#### Extracted material
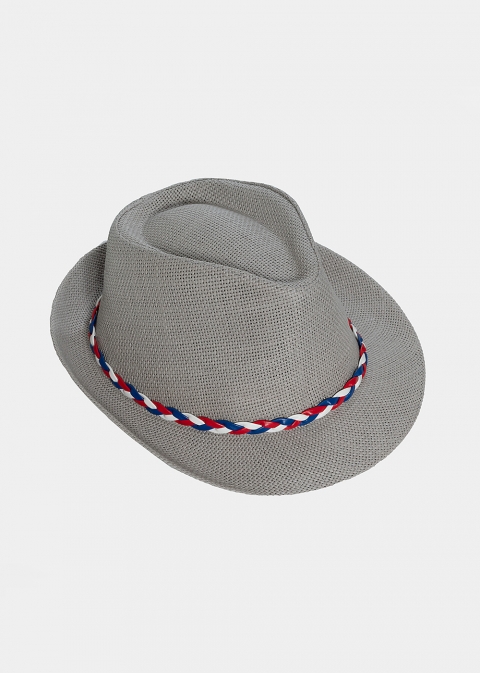 Grey fedora with 3 colour rib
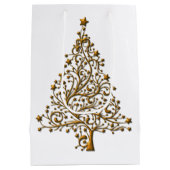 Elegante Moderne Goldene Weihnachtsbaume Mittlere Geschenktüte (Rückseite)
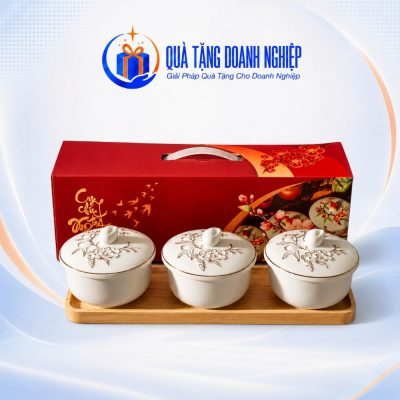 Bộ 3 Bát Đựng Mứt Tết Bằng Sứ Trắng In Logo Quà Tặng Doanh Nghiệp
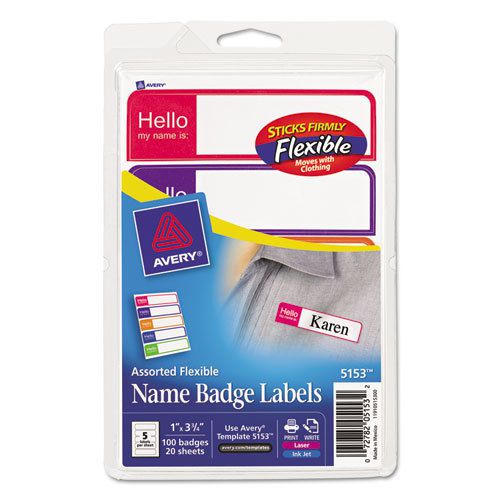Printable flexible name badge labels, 1 x 3-3/4, &#034;hello&#034;, bright asst., 100/pack for sale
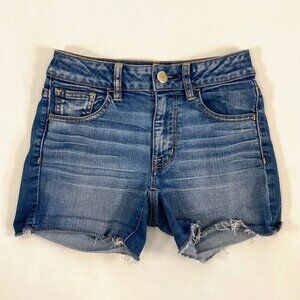 🔥 3/$15 🔥 American Eagle Hi Rise Super Stretch Shortie Shorts Size 0 Blue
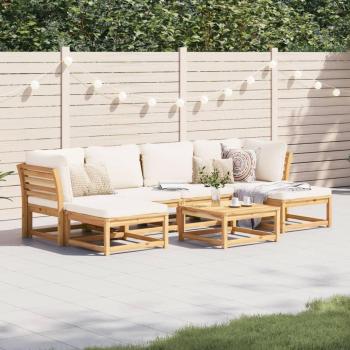 7-Piece Acacia Wood Garden Lounge Set with Cushions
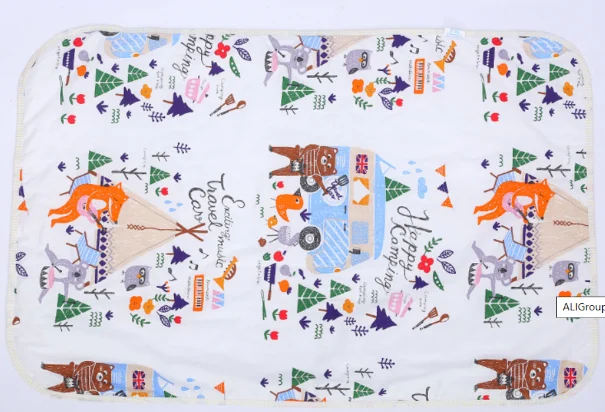 Fox and bird Ребенок с ватными тампонами из искусственного меха, для малышей, 3 слоя Водонепроницаемый матрасик для пеленания ребенка негабаритных 75X120 детский матрас складной детский матрас кровата - Цвет: Fox and bird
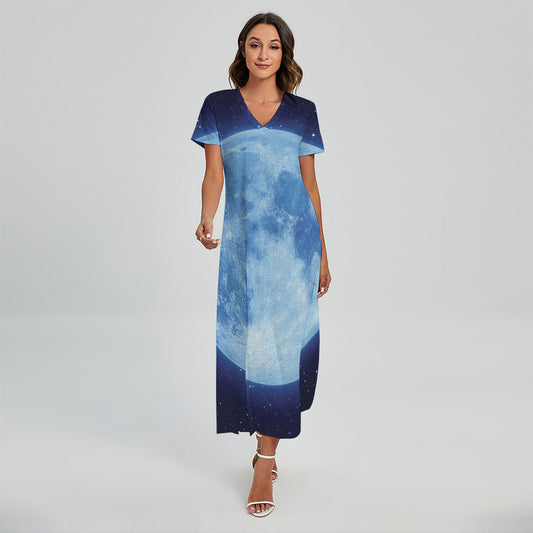 Blue Moon Print Short Sleeve Maxi Dress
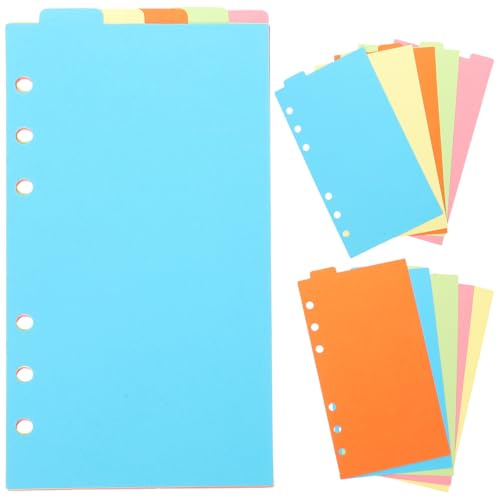 TEHAUX Intercalaires Classeur A4 6 Onglets Diviseurs D'Index Perforés Papier Recharge Coloré Pour Cahiers Et Dossiers Organisation Bureau Études Et Fournitures Scolaires Lot De 6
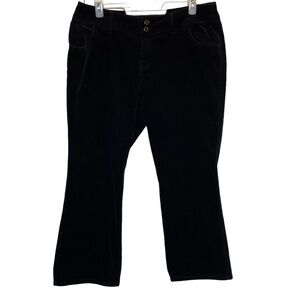 Lane Bryant women's plus size 20 Petite Black corduroy 5 pocket pants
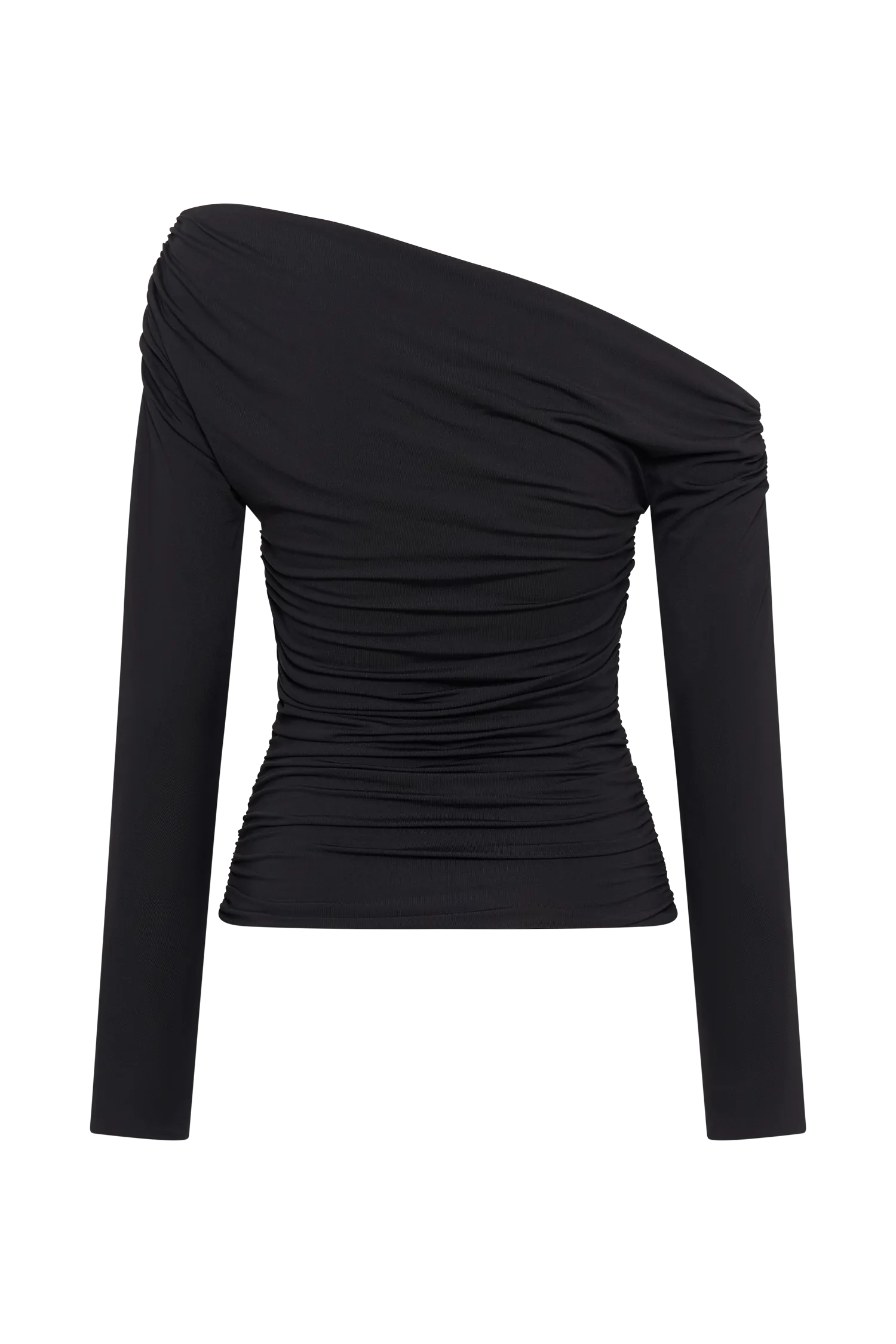 Alayna Long Sleeve Recycled Nylon Ruched Top - Black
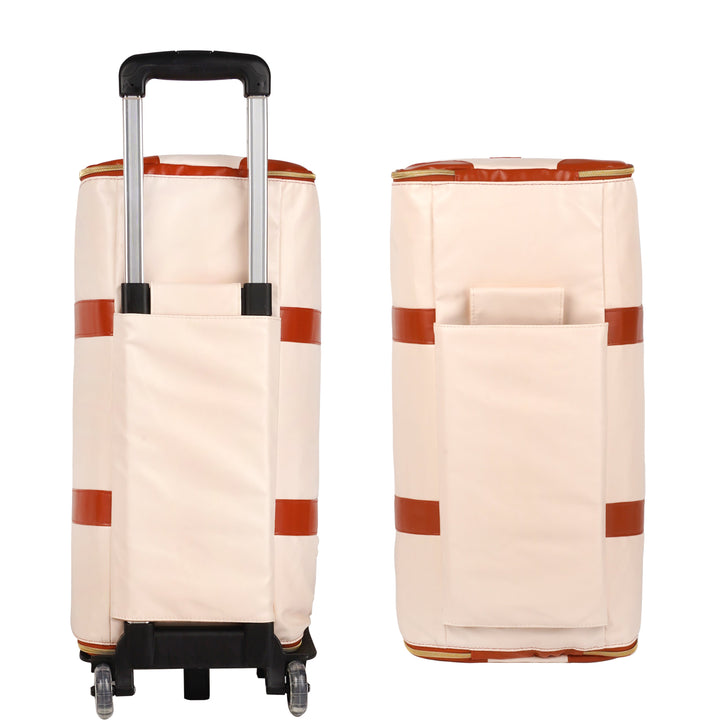 Compact foldable travel duffel bag on wheels, easy to store when not in use.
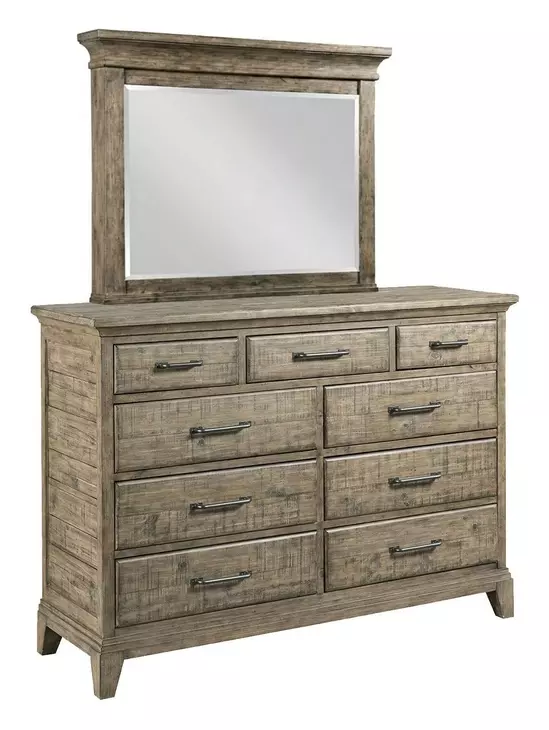 Heritage Timber Sandstone 9 Drawer Westwood Bureau with Rectangular Mirror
########
Problem details:
The lines from the one with "Size 0 Blue" to the end of the data above should be retyped exactly, both ends included, and pictures are to be left out.

Response to the task:
 🔥 3/$15 🔥 American Eagle Hi Rise Super Stretch Shortie Shorts Size 0 Blue
 7-Piece Acacia Wood Garden Lounge Set with Cushions
 Fox and bird Ребенок с ватными тампонами из искусственного меха, для малышей, 3 слоя Водонепроницаемый матрасик для пеленания ребенка негабаритных 75X120 детский матрас складной детский матрас кровата - Цвет: Fox and bird
 Blue Moon Print Short Sleeve Maxi Dress
 TEHAUX Intercalaires Classeur A4 6 Onglets Diviseurs D'Index Perforés Papier Recharge Coloré Pour Cahiers Et Dossiers Organisation Bureau Études Et Fournitures Scolaires Lot De 6
 Lane Bryant women's plus size 20 Petite Black corduroy 5 pocket pants
 Alayna Long Sleeve Recycled Nylon Ruched Top - Black
 Compact foldable travel duffel bag on wheels, easy to store when not in use.
 Heritage Timber Sandstone 9 Drawer Westwood Bureau with Rectangular Mirror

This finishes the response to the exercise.